Ainsi, les deux rapporteurs reviennent sur la séparation capitalistique au profit d’une séparation opérationnelle, où les distributeurs souhaitant de nouveau opérer un conseil spécifique devront créer une filiale dédiée. Une proposition qui n’est pas du goût du PCIA : « Parce que les distributeurs ont choisi la vente et continuent de faire du conseil, on changerait la loi… On marche sur la tête ! Si la séparation capitalistique était abandonnée, ce serait un retour en arrière. Pour limiter les dégâts il faudrait revenir à une facturation séparée avec un prix plancher par prestation afin qu’il ne soit pas dilué dans les marges commerciales, les subventions de fonctionnement… Aussi, la facturation séparée du conseil et de la vente doit être associée à une baisse du prix des intrants. De plus, il faudra indiquer sur la facture de façon obligatoire l’origine du conseil : conseil commercial, ou conseil séparé de la vente et de l’application des produits phytosanitaires, ou conseil indépendance élargie. »
Un nouvel élan pour les TC ?
Ainsi, les rapporteurs proposent de mettre en place une facturation différenciée afin de garantir la transparence des tarifs et offrir à l’agriculteur la possibilité de choisir entre le conseil spécifique proposé par son vendeur ou un autre conseil indépendant. Ils mettent également l’accent sur le renforcement des CEPP avec l’induction d’une obligation de résultat complémentaire à l’obligation de moyen. « Si nous rendons le conseil aux vendeurs, il est essentiel de les responsabiliser et de leur fixer des objectifs qui soient exigeants », reprend Stéphane Travert.

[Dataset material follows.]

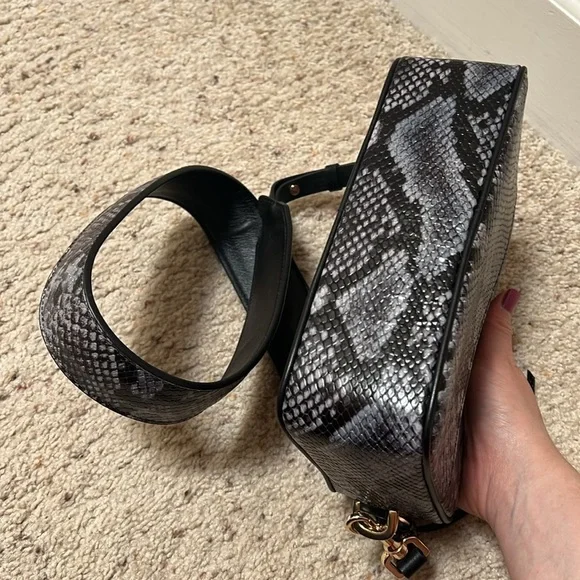 Anine Bing | Alice Crossbody Bag in Blue Python - Picture 7 of 9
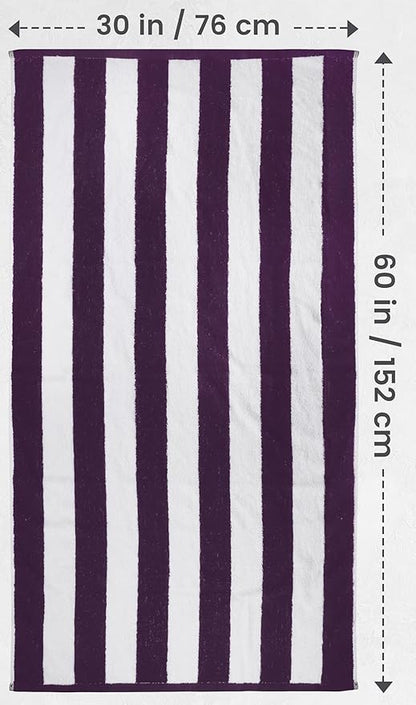 Utopia Towels 4 Pack Cabana Stripe Beach Towel Oversized 100% Ring Spun Cotton Beth Towels Highly Absorbent, Plum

Ainsi, l’idée d’un système de bonus/malus a été abordée.
Ils souhaitent également mener une réflexion sur la mise en place d’un ordre des conseillers en matière de produits phytosanitaires, comme au Québec. « C’est un outil qui permettrait de renforcer les règles déontologiques de la profession », souligne-t-il. Christophe Grison émet des réserves sur le modèle québécois, car il n’en a « pas eu que des bons retours » et s’inquiète sur le délai de mise en place de cette nouvelle refonte. Toutefois, il espère que cette possible réforme soit un nouvel élan pour les TC : « Avec la mise en place du dispositif, certains TC ont été déçus de voir le métier remis en question alors qu’ils accompagnaient les agriculteurs dans la transition en leur proposant des solutions alternatives. Avec ces nouvelles conditions de travail, certains d’entre eux ont fait part de leur souhait de demander une rupture conventionnelle. »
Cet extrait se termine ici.